Yours looks very similar to mine, magnet on the end and mine has a small piece of threaded rod with marks at different lengths so I can cut whatever size I need. It's a great idea for consistency.
Nice ideas guys. I'm lazy and don't want something popping off the end of the bar or something to get caught.... I can go up to 22" long for my stove if I go cross ways, but only 16" deep if I go north and south. So I run a 16" bar on my 550, make a cut, use the bar as a measuring device. the larger saws I measure i mark somewhere on the saw and use it for reference.
Used my eyeballs, now they're failing Used a tape, now have several short pieces & nicked tapes, (need bigger numbers too) Used a marked stick after about 4 got broken or cut, didn't need more kindling Used a 17" mark on the bar, was usually within 1", hard to lay the saw sideways & be accurate , + new bar didn't have the mark. Used several marker, had to walk down the log either way to mark with all the different ways of marking Now I walk down the log, mark 17" saw is running, in my hands, ready to start cutting anywhere/time along the log Can pop it off easy after marking 3 , 6 or 19 , can put on either side fits in the 5 gallon bucket on the atv or my pocket Good to read how others do it. I thought I was one of the few who isn't gifted in estimating length without some way to measure I'm within 3" usually The stove & I just like the wood to be 17" Lots of good methods out there.
These are all great ideas. I had no idea how many of you actually take the time to mark. I just assumed you all were like me and eyeballed it only to find out a lot of the time the cut is too long or too short. Next year I'm going to try some of this.
I had the ornery one marking for me the last few days. Just have to teach her yet not to mark in the middle of a knot.
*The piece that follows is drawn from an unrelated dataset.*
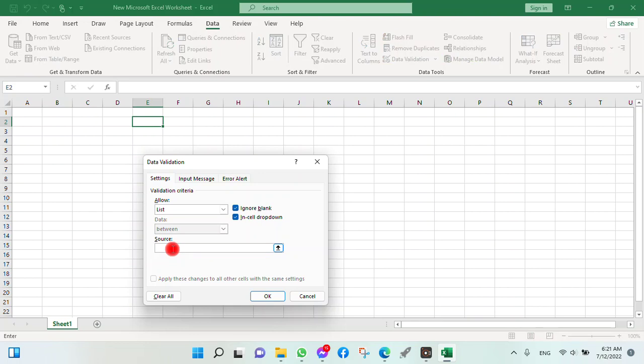Here in the source column, write down the items you want to put into this list. Let's see, I want to say schools, buildings. Just separate each item.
I prefer cutting knots in half. Makes splitting much easier if half the knot is at the bottom of a round vs the whole knot being in the middle
That is true but why cut through a knot? Better to have the knot on the end of the log rather than half of it on one and the other half on the next one. It just does not make sense to me to be cutting through a knot if you have a choice. But, from time to time it does happen. I did one today. The knot was on the bottom and I had not seen it. I wondered why the cutting got a bit slower as I cut through....
You are right about cutting it flush with the tree. But I'd still rather not cut through at that spot. I'll make some shorter or longer to get around it.
My theory is if I need 17" length splits & & cut a 30" one in half , I now have 2 pieces the wrong length. So if cutting to avoid a knot & not 17", I'd have more wrong size splits Also, permit says have to take 5" & above, if I cut the knots out, would be wasting wood. I start marking from the butt end to the top, the last 17" round is usually 4" diameter, so if theirs a short piece left , it's no problem.